The new competition has taken a toll on Whole Foods, which has cut sales forecasts three times this year, sending its shares down 34 percent, while Sprouts has slid 23 percent this year. Austin, Texas-based Whole Foods has responded by lowering prices, especially on fruits and vegetables.
Whole Foods is “like the Saks of food, and that poses some problems for them,” Mushkin said.
That perception has provided an opening for Sprouts. The retailer has turned conventional industry practice on its head and makes most of its profit from packaged goods, such as cereals, sauces and vitamins, while accepting narrower margins on produce.
Each week, Sprouts employees in 20 different markets check the produce of about 35 competitors, then lower or raise prices based on the findings.
Typically, about one-third of all items sold at Sprouts are discounted through weekly circular ads, monthly specials and other promotions. On Wednesdays, back-to-back weeks’ circulars overlap, letting customers use sale prices from both. A Bloomberg Intelligence study in May found that goods at Sprouts, on average, are about 13 percent less expensive than at Whole Foods.

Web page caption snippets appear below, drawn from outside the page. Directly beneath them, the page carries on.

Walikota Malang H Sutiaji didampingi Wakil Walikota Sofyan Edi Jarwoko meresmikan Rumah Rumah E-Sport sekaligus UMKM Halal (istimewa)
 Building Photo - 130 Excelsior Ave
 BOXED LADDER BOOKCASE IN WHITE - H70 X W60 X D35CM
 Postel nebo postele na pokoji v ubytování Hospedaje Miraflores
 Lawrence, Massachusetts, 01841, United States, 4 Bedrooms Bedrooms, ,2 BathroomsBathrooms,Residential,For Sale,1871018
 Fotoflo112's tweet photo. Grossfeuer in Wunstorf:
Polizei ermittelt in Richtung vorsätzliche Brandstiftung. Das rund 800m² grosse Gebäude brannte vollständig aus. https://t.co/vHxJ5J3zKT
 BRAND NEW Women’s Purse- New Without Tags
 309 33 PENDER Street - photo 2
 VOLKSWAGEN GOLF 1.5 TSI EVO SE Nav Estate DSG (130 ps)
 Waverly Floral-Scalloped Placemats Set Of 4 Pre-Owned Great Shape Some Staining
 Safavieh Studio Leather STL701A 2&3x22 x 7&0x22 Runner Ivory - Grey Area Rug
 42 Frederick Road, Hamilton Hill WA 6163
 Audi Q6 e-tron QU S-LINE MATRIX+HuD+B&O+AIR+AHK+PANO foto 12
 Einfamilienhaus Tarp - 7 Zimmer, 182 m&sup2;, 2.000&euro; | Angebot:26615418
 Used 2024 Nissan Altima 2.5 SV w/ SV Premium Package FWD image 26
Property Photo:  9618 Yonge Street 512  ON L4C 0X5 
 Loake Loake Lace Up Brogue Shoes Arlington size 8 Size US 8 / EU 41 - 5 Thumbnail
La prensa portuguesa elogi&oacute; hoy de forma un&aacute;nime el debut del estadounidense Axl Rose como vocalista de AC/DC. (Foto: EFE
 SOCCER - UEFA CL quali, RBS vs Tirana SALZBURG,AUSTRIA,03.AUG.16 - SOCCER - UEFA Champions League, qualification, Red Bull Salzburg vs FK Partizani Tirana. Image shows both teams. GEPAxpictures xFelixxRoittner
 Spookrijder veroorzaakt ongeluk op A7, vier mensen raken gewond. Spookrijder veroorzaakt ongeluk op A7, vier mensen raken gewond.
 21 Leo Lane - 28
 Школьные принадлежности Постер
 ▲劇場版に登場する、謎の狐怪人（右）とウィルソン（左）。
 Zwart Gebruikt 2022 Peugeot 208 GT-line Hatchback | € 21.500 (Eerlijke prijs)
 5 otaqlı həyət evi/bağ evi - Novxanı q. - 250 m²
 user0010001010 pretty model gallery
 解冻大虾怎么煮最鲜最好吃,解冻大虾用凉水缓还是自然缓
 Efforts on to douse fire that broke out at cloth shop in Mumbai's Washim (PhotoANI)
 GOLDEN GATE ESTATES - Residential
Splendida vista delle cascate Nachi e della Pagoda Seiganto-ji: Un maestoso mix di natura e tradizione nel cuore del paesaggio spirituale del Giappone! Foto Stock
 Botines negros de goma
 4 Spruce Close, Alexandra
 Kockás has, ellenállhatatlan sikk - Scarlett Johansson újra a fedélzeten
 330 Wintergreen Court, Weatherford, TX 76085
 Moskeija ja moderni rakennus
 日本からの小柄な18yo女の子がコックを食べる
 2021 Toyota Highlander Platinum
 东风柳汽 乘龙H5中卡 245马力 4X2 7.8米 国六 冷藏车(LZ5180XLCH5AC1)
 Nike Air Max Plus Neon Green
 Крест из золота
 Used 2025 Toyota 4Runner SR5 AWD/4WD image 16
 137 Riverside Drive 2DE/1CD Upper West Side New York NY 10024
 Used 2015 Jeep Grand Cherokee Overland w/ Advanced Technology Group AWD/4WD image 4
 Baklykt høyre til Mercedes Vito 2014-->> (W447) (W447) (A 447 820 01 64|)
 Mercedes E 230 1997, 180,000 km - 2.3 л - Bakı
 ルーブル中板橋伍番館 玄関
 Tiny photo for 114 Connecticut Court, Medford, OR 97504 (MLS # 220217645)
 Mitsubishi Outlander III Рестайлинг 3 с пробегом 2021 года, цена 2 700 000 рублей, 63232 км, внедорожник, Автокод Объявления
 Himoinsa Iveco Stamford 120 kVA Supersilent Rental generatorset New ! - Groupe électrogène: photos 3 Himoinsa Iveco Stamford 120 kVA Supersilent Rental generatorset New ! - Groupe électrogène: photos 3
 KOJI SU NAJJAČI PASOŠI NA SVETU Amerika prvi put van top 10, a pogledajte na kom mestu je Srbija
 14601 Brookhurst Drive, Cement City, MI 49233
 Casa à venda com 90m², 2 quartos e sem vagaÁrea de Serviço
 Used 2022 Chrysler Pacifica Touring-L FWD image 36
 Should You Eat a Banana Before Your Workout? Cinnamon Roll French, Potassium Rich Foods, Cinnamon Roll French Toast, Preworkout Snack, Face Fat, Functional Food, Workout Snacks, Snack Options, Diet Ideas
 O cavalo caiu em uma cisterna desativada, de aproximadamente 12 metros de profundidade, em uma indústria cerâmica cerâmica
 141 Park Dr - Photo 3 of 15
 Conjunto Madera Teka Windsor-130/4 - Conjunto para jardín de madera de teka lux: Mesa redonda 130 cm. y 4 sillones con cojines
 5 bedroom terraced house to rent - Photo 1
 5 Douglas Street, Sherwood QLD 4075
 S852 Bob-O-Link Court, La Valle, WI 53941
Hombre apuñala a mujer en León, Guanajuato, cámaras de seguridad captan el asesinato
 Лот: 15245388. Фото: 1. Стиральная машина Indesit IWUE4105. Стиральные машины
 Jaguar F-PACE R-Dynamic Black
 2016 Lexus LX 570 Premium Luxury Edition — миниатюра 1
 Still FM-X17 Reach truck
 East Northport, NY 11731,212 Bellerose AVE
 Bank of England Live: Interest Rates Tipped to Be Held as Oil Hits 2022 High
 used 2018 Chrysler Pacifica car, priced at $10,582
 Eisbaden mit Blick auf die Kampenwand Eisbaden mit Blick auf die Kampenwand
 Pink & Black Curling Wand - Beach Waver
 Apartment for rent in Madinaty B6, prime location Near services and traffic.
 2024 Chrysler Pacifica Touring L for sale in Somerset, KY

“Our goal is to make healthy eating affordable for the everyday consumer,” Sprouts Chief Executive Officer Doug Sanders said in an interview.
Sprouts also has been able to maintain a experience comparable to Whole Foods. Outside its store in Overland Park, which opened in January, customers browse piles of fresh watermelons and potted herbs. Inside, barrels of bulk nuts, dried fruits, granolas, grains and flours pack the middle of the store.
The decor evokes a Disney interpretation of a country market, with drawings of veggies and barns on the wall and faux hardwood accents. At about 27,500 square feet (2,600 square meters), Sprouts stores are less than half the size of an average Kroger store and about three-quarters of a Whole Foods.
Whole Foods leadership was unavailable to comment on the threat posed by Sprouts, said Kate Lowery, a spokeswoman.
As Sprouts expands, it also will face more competition from niche organic stores, as well as big, well-run grocery chains like Kroger and H-E-B that sell more goods, Mushkin said.
“Grocery stores like a Kroger -- they can do a lot of what Sprouts does, and they can do one other thing that Sprouts can’t do, which is become a one-stop shop,” he said.
The larger competitors can undercut Sprouts, pressuring it to respond with lower prices and hurting its margins, Mushkin said. Sprouts also is at risk of expanding too quickly and cannibalizing its own sales or opening less-productive stores, he said.
The first Sprouts was opened in Chandler, Arizona, in 2002 by Stan Boney along with one of his sons and some family friends. Apollo Global Management LLC purchased Sprouts in 2011 and combined it with Henry’s Marketplace, another grocery chain that Boney had started in the 1960s and sold to Wild Oats.
Last year, Apollo took Sprouts public, raising $383 million in a U.S. initial public offering. Today, Sprouts shares trade at about 48 times earnings, almost twice as much as Whole Foods.
To keep its growth going, Sprouts has been expanding out of its stronghold in the U.S. Southwest and expects by the end of the year to have 190 stores, about half as many as Whole Foods. Its near-term targets are the Atlanta area and states where it already operates, including Texas, Oklahoma, and Kansas. In the next decade, it has a goal of opening 1,200 or more locations.
Sprouts also is stocking more locally produced items, adding olive and sushi bars as well as trying to get its customers to spend more. Shoppers spend an average of $28 per trip to Sprouts, versus about $31 at all supermarkets, according to the Food Marketing Institute.
While it’s not easy to get people to put more items in their shopping baskets, Sprouts has plenty of room to expand, said Steve West, an analyst at ITG Investment Research in St. Louis.
“They’re in the early, early stages of their growth,” West said. “Much like Whole Foods was 20 years ago.”